■ WORK TO BE COMPLETED:
This calls for a verbatim copy of all the data, with no images carried over.

■ RECORDED DATA:
▬▬▬▬▬▬▬▬▬▬

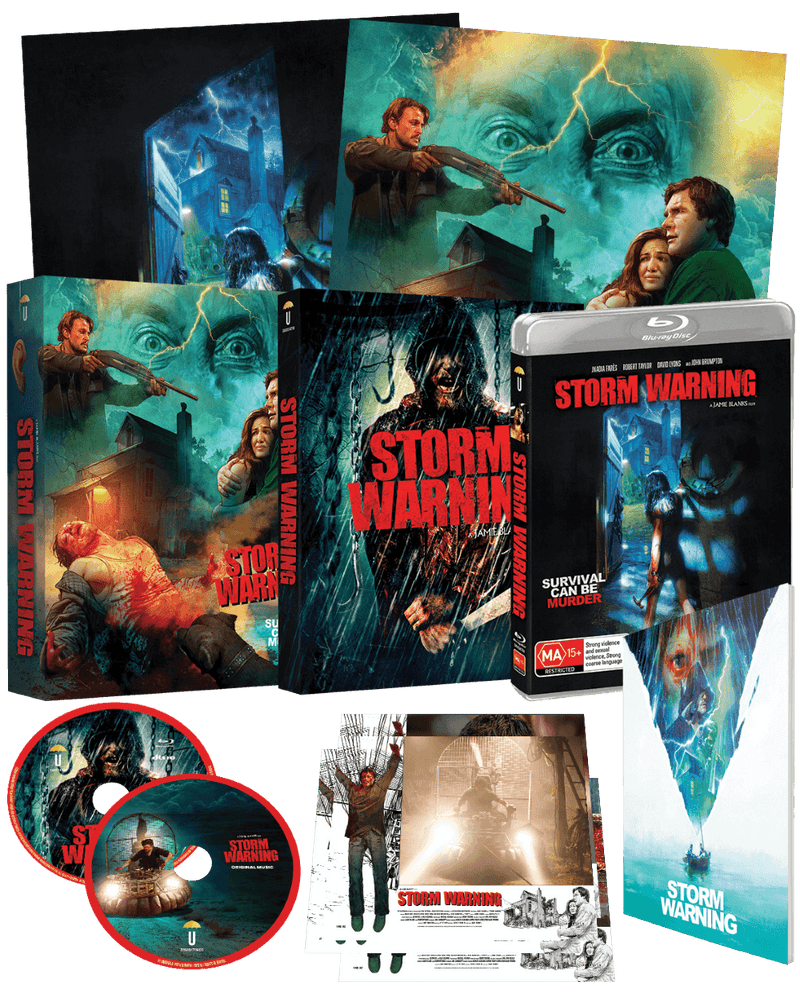 Storm Warning (2007) Blu-ray + CD Collector's Edition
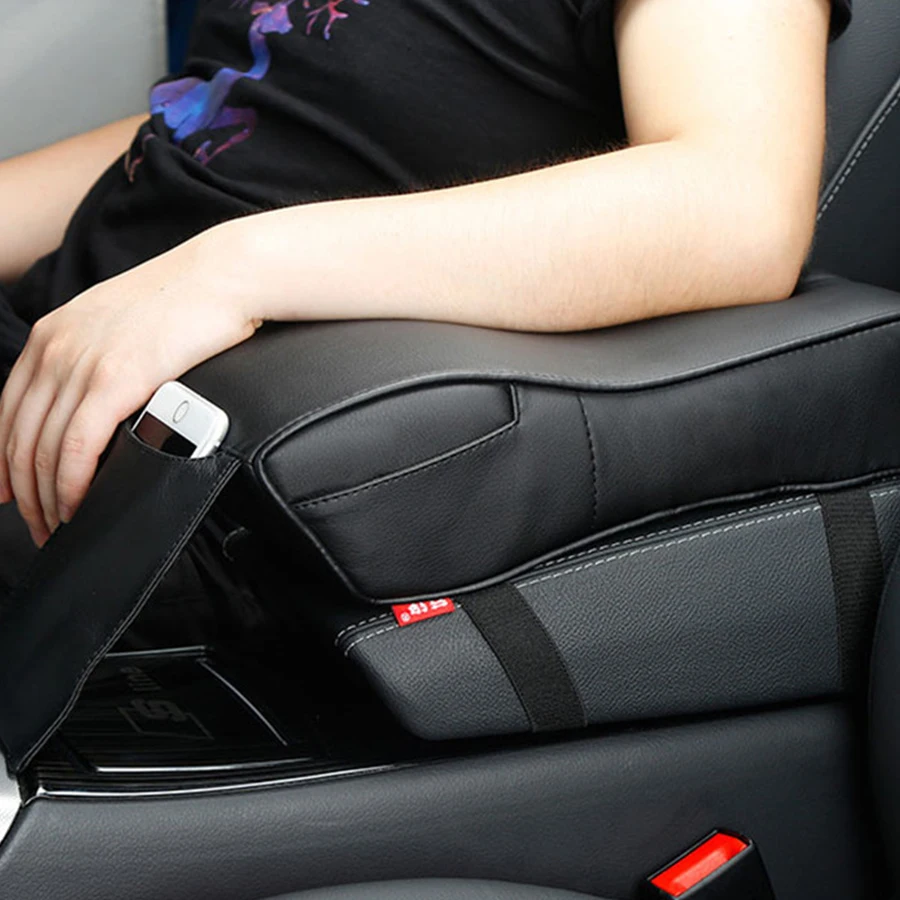PU Leather Universal Car Center Console Armrest Cushion Memory Foam Interior Styling Armrest Box Pad covers
PU Leather Universal Car Center Console Armrest Cushion Memory Foam Interior Styling Armrest Box Pad covers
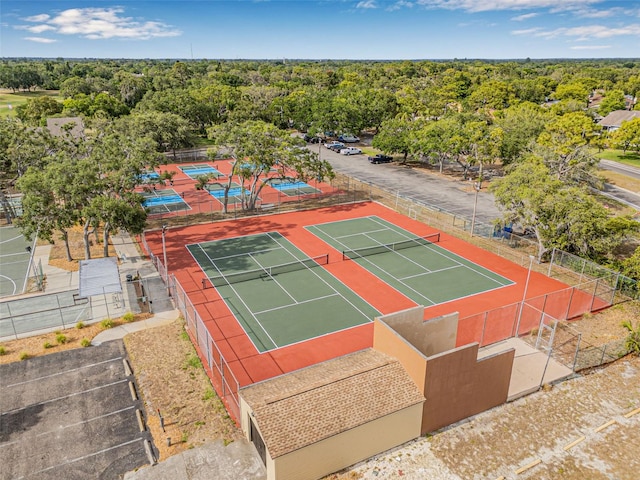 12601 Stone House Loop, Hudson, FL 34667 - exterior space with fence
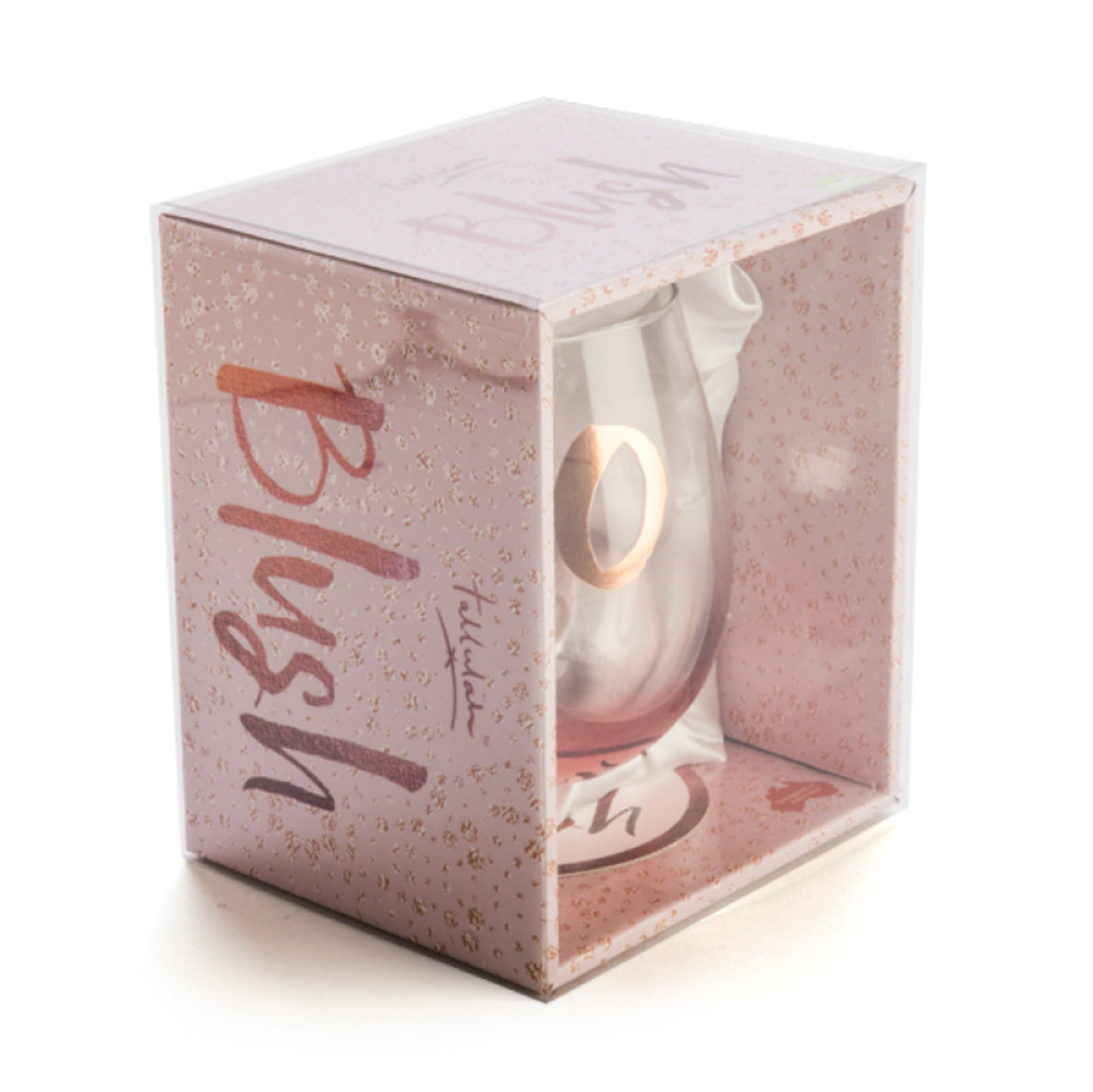 60th Birthday Blush Stemless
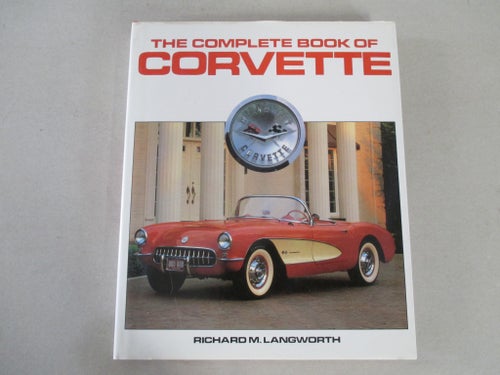 THE COMPLTE BOOK OF CORVETTE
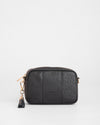 Pom Pom London City MINI Bag Ostrich Black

▬▬▬▬▬▬▬▬▬▬

■ FINAL ANSWER:
 Storm Warning (2007) Blu-ray + CD Collector's Edition
PU Leather Universal Car Center Console Armrest Cushion Memory Foam Interior Styling Armrest Box Pad covers
PU Leather Universal Car Center Console Armrest Cushion Memory Foam Interior Styling Armrest Box Pad covers
 12601 Stone House Loop, Hudson, FL 34667 - exterior space with fence
 60th Birthday Blush Stemless
 THE COMPLTE BOOK OF CORVETTE
 Pom Pom London City MINI Bag Ostrich Black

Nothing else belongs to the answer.